I may be wrong, but I think the following is a mainstream position in rationalist circles: even people who care about animal welfare don't have particularly strong moral reasons to personally switch to a vegan diet. 

I haven't seen a fully fleshed-out defence of this position. I can think of a few possible arguments, but none seem convincing:

  • Any single consumption decision probably won't make any difference
    • That is true, but my model of how this works is that, very roughly speaking, each decision to abstain from consuming x grams of [animal product] has a 1/n chance of causing some demand threshold to be crossed, such that x*n fewer grams of that product are produced in the next cycle. The upshot is that, in expectation, your vegan diet reduces the number of animals put through the agricultural process (or, in the case of e.g. wild-caught fish, the number being caught by. humans) by roughly as much as you would think if you simply added up your counterfactual consumption and divided it by the number of animals required to produce it.
  • The only way to get rid of harmful animal agriculture is through mass persuasion and/or coercion and/or technological progress, not individual (non-)consumption
    • Yes, but so what? This is clearly not an all-or-nothing cause; each instance of suffering matters, regardless of how many other instances exist. Nor are personal consumption change and social/technological change mutually exclusive or even conflicting.
  • There are higher-impact uses of your (time/energy/money/etc.)
    • Maybe -- though I suspect that the rosier estimates of e.g. the impact of donating to an advocacy organisation tend to be significant exaggerations -- but most of us do not have good reason to treat this as a zero-sum game in which each attempt to do good in the world must crowd out another. For one thing, we're nowhere near putting all available resources into our efforts to do good, so we can simply choose to expand that budget. For another, our psychology is complicated, and making a moral effort can just as easily increase our capacity to make further such efforts as deplete it. (As for money in particular: unless you're already eating unusually frugally, you can probably find a healthy vegan diet that doesn't require significant extra expenditure.)
  • [Something about indirect effects on e.g. wild-animal suffering or insects]
    • I don't dismiss these arguments on principle. But their force is attenuated by uncertainty, so they need to be very strong to overcome the more obvious direct effects.

Then there are arguments over which agricultural-animal lives are worth living. We can differ on that question for pretty deep reasons, so it's harder to usefully argue about. I certainly acknowledge that agricultural-animal lives worth living are possible, but I think they're much rarer than we would like to think.

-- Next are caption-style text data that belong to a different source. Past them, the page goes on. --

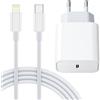 LumFocus Cavo di ricarica per iPhone, 25 W, USB C, certificato MFi, per caricabatterie rapido Apple, da USB C a Lightning da 2 m + 2 m, per iPhone 14/Pro/Max/Promax/13/12/11/Xs/Xr/X/8/7/Plus/iPad
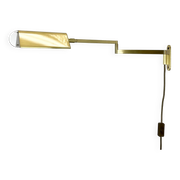 Large 77cm  omi swing arm brass acryl glass wall light italy 1970s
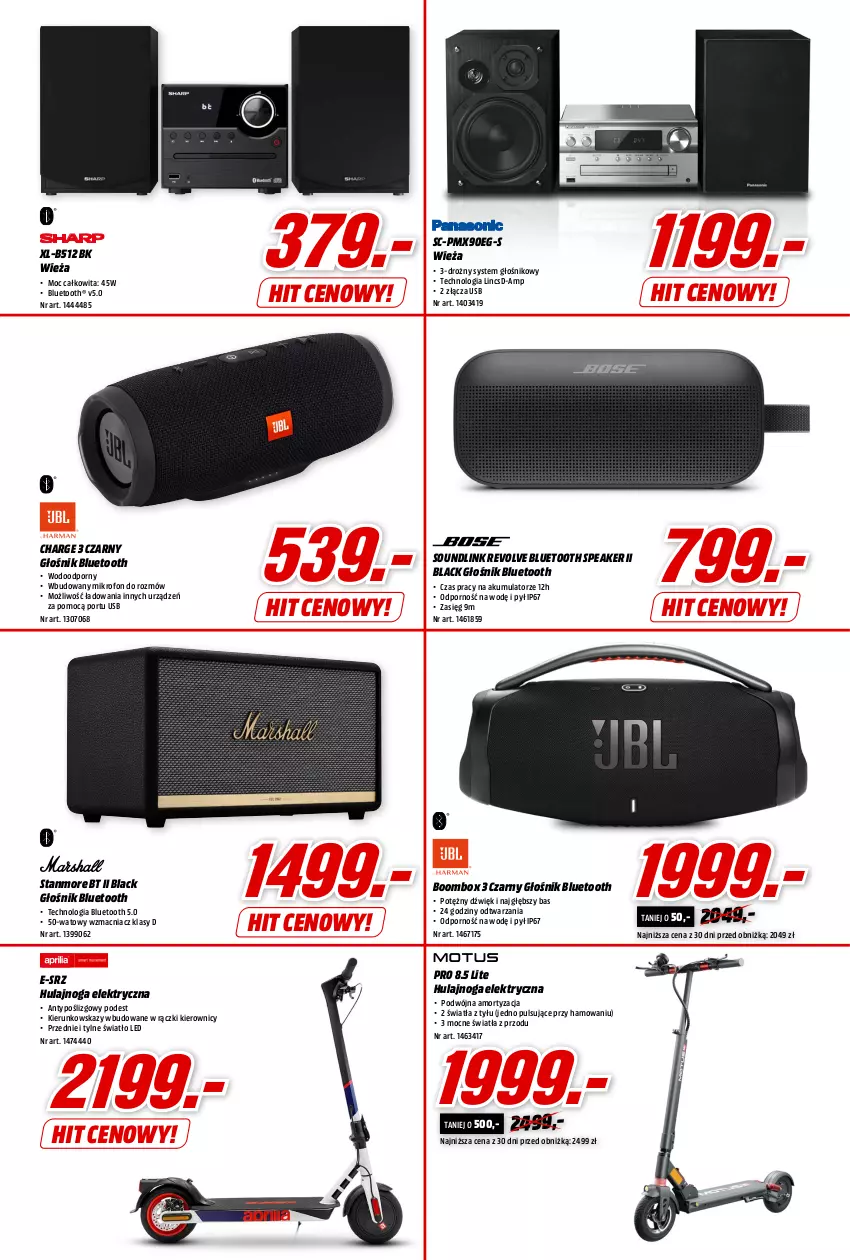 Gazetka promocyjna Media Markt - Gazetka Media Markt - ważna 10.08 do 15.08.2023 - strona 6 - produkty: Akumulator, Głośnik, Głośnik bluetooth, Hulajnoga, Hulajnoga elektryczna, Lack, Mikrofon, Por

There's also an argument that some hunted animals, for example wild-caught fish, might not be significantly worse off than those that die a natural death. I could be (and selfishly would like to be) convinced of this; I'm well aware that natural lives often suck and natural deaths usually suck. But my understanding is that the methods of catching and killing fish at scale tend to be pretty horrible even compared to a natural death. (And when I looked for more ethical sources of fish, it seemed like all anyone cared about was things like dolphin safety, not humane treatment of the fish themselves.)

(At the meta level, I also think we should try to apply extra scepticism when evaluating arguments in favour of conclusions that are very convenient to us. Even rational people are prone to rationalisation, and it's very very tempting to suspend disbelief a little bit when evaluating an argument against making a difficult change, and apply an extra-critical eye to arguments in favour of making that change. This is only relevant at the margins, where there is significant uncertainty and judgment calls have to be made, but I think that does apply here. )

So anyway, with all of that in mind, can anyone convince me that personal veganism is unnecessary, even taking for granted the following?

  • animal welfare matters a lot
  • animal agriculture is overwhelmingly net-negative for animal welfare

Arguments in the other direction (i.e. in favour of veganism) are of course welcome too.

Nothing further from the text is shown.